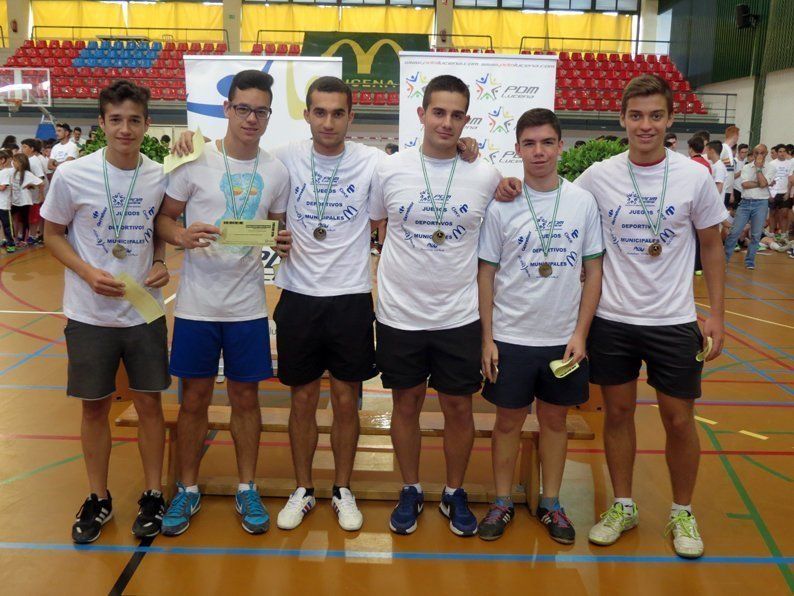Galería: La entrega de premios y regalos clausura los Juegos Deportivos Municipales 2016 Galería: La entrega de premios y regalos clausura los Juegos Deportivos Municipales 2016
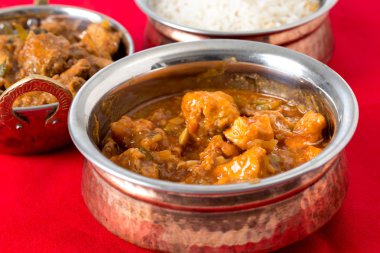 Sarımsaklı tavuk yemek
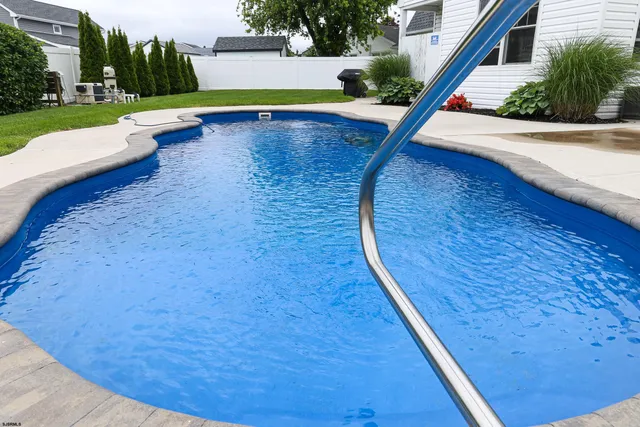 $7,600 | 8 44th Cove, Brigantine, NJ 08203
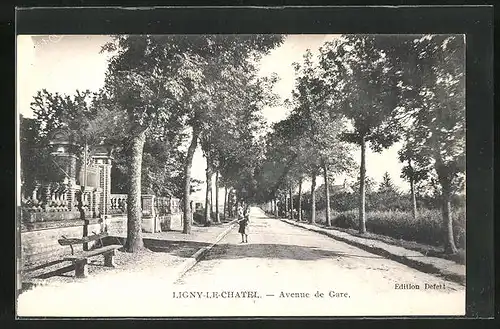 AK Ligny-le-Chatel, Avenue de Gare, Mutter mit Kind auf dem Arm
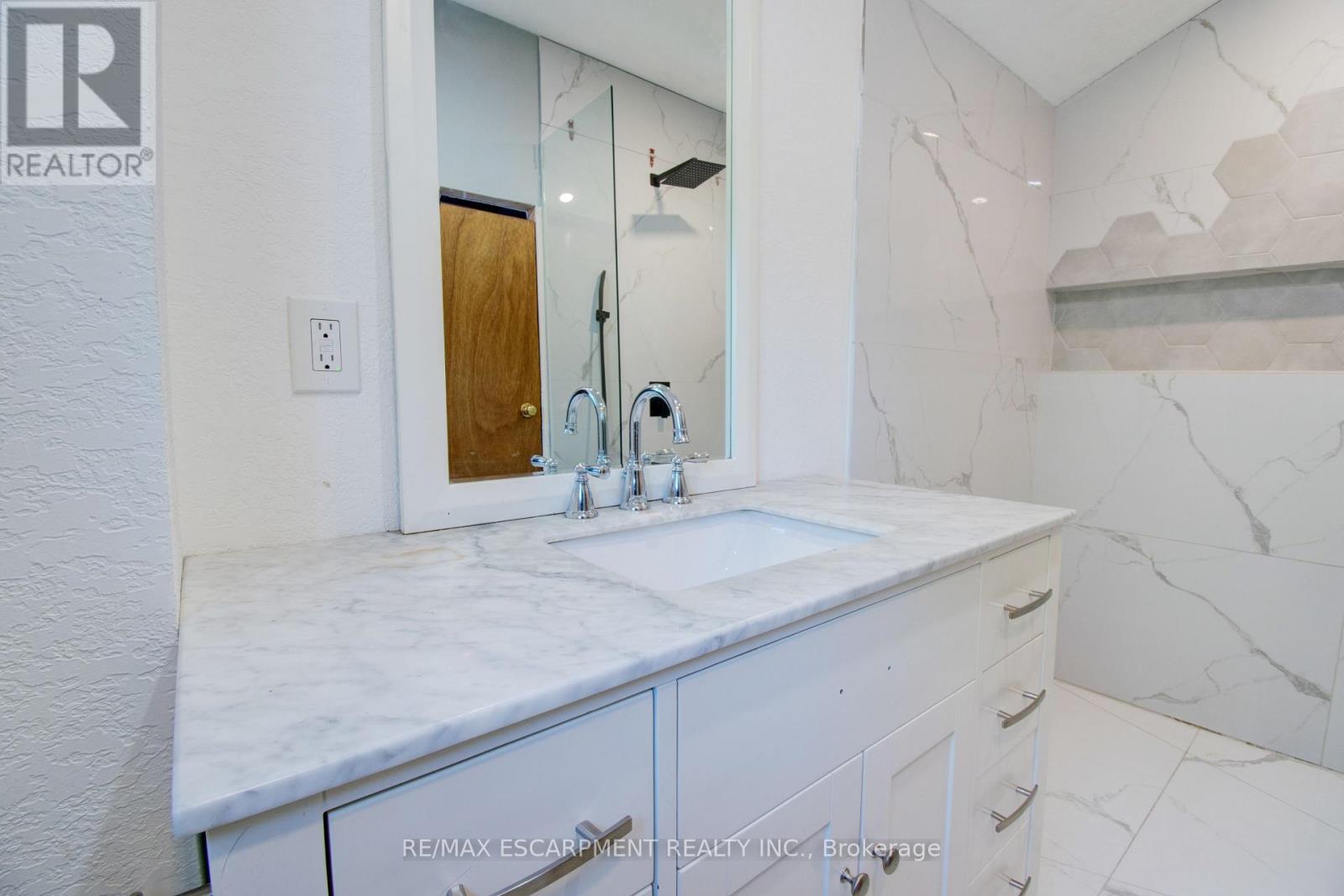 Photo 26 of 85 East 37th Street, Hamilton ON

__________________________________________________

Task objective: Set every line of the records down again exactly, and exclude all pictures.

Result for this exercise:
Galería: La entrega de premios y regalos clausura los Juegos Deportivos Municipales 2016 Galería: La entrega de premios y regalos clausura los Juegos Deportivos Municipales 2016
 Sarımsaklı tavuk yemek
 $7,600 | 8 44th Cove, Brigantine, NJ 08203
 AK Ligny-le-Chatel, Avenue de Gare, Mutter mit Kind auf dem Arm
 Photo 26 of 85 East 37th Street, Hamilton ON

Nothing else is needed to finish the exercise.